Montgomery Advertiser reporter Evan Mealins noted the change on social media earlier this week.
Gina Maiola, a spokeswoman for Ivey, defended the decision.
“Commissioner John Hamm and the Alabama Department of Corrections are sharing all necessary information, but in a more accurate way,” Maiola told ADN. “They are not withholding information, and media should not misconstrue that here. Gov. Ivey committed to the people of Alabama her Administration would be open, honest and transparent, and she continues to make good on that promise.”
But the change has drawn concerns from Reps. Chris England, D-Tuscaloosa, and Matt Simpson, R-Daphne.
“Considering that in years past, we’ve found out what was going on in the department of corrections through the results of a federal investigation, I think it’s incumbent upon the department to be as transparent with the public as possible,” England said Thursday.
It’s been more than four years since the U.S. Department of Justice told the state that its male inmates were living in unconstitutional and deadly conditions. In its ongoing lawsuit against the state, the DOJ has said prisons are dangerously crowded and understaffed.
“So of all of all the agencies in the state of Alabama, I think it’s incumbent upon the department of corrections to be the most transparent,” England said.
In 2020, England successfully sponsored a bill requiring the quarterly reporting of information to the prison oversight committee, including prison population sizes and staffing levels and the number and manner of inmate deaths.
The oversight committee is a panel of six lawmakers, including England.
Now, England said additional reporting requirements may need to be legislated.
“If they’re not going to do it voluntarily, I don’t think we have a choice but to require more,” he said. “If you’re going to only do the bare minimum, it seems like the bare minimum should cover the information that we need to know in order to hold people accountable. Ultimately, that’s what transparency does, it helps hold people accountable.”
Simpson said he would be supportive of additional reporting rules.
Simpson praised last year’s hiring of Hamm as the ADOC’s commissioner and said he’s making good changes. Recent arrests of ADOC staff for bribery are good, Simpson said, because it shows changes are being made.
But more, timely information is always better than less, Simpson said.
“I don’t think (removing deaths from the monthly report) helps anybody,” Simpson said. “I don’t think that that sends the right message to the public. We’re still in that DOJ investigation and I don’t think it sends the right message for that either.”
Carla Crowder, executive director of the Alabama Appleseed Center for Law and Justice, said more tracking and reporting of causes of death is needed.

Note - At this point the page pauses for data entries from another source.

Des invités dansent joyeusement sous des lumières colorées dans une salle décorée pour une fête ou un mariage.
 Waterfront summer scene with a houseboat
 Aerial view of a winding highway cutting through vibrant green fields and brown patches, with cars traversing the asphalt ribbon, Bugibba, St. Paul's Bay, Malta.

“ A decade ago in 2012, there were 89 deaths of incarcerated people in Alabama,” she said. “In 2022, that number will surpass 250. That’s a small town’s worth of Alabamians dead in the custody of our state government. Who is investigating? How did they die? What changes need to be made to address the violence and neglect?
“The department of corrections is the largest law enforcement agency in the state. Yet hundreds of people die in its custody and no information is released about those deaths unless journalists find out from family members and make an inquiry.”